▸ HOW TO COMPLETE THIS TASK: Could you set down the listing below exactly and omit its images?

▸ MATERIAL SUPPLIED:

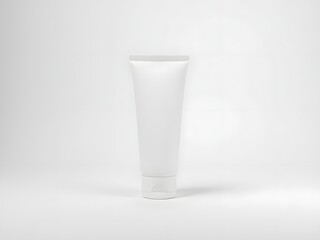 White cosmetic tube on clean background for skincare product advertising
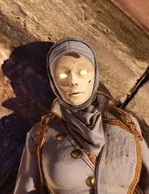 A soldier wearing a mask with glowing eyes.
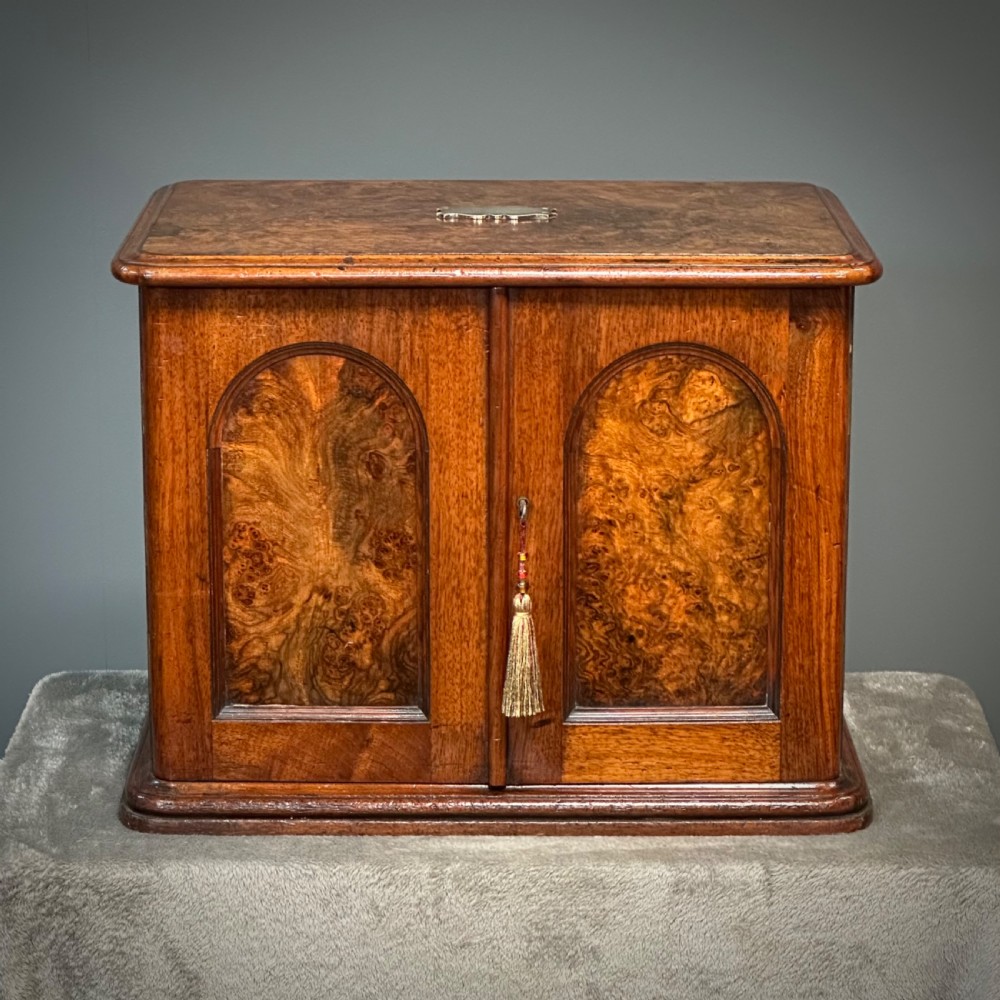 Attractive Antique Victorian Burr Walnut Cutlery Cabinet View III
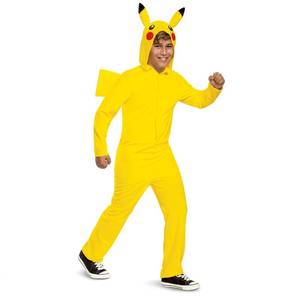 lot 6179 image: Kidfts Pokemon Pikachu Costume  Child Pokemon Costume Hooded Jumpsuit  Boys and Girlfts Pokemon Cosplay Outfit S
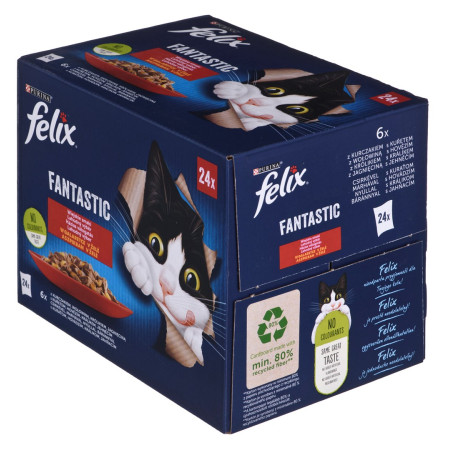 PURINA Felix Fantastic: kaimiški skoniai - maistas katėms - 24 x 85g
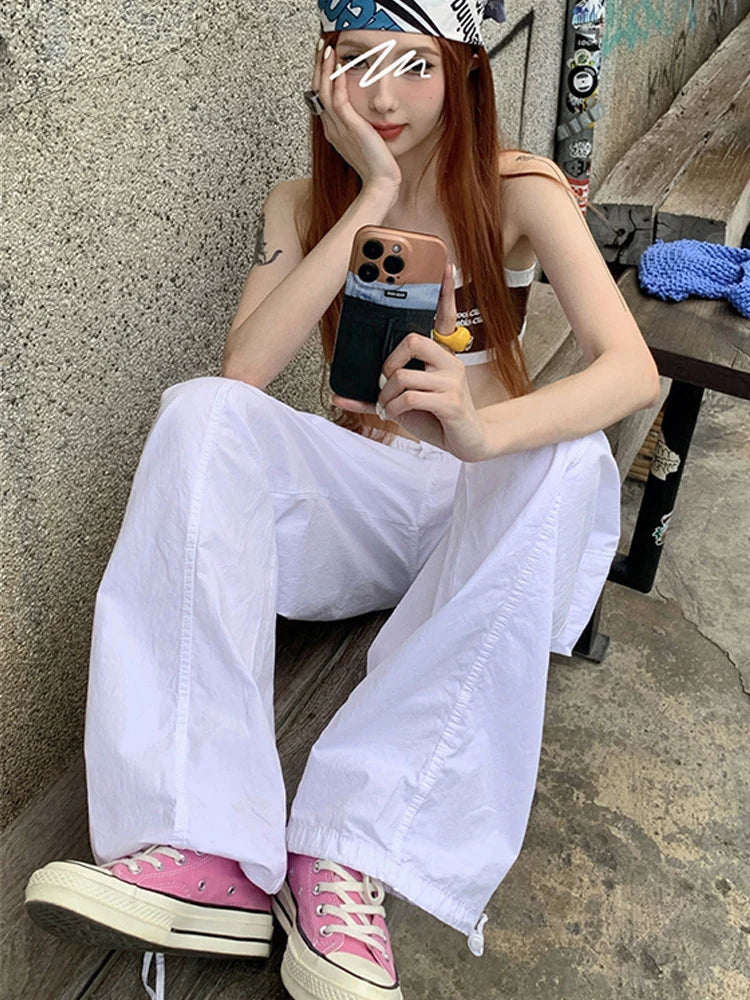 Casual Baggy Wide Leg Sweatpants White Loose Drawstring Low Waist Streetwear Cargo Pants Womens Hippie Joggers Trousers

▸ SOLUTION:
 White cosmetic tube on clean background for skincare product advertising
 A soldier wearing a mask with glowing eyes.
 Attractive Antique Victorian Burr Walnut Cutlery Cabinet View III
 lot 6179 image: Kidfts Pokemon Pikachu Costume  Child Pokemon Costume Hooded Jumpsuit  Boys and Girlfts Pokemon Cosplay Outfit S
 PURINA Felix Fantastic: kaimiški skoniai - maistas katėms - 24 x 85g
 Casual Baggy Wide Leg Sweatpants White Loose Drawstring Low Waist Streetwear Cargo Pants Womens Hippie Joggers Trousers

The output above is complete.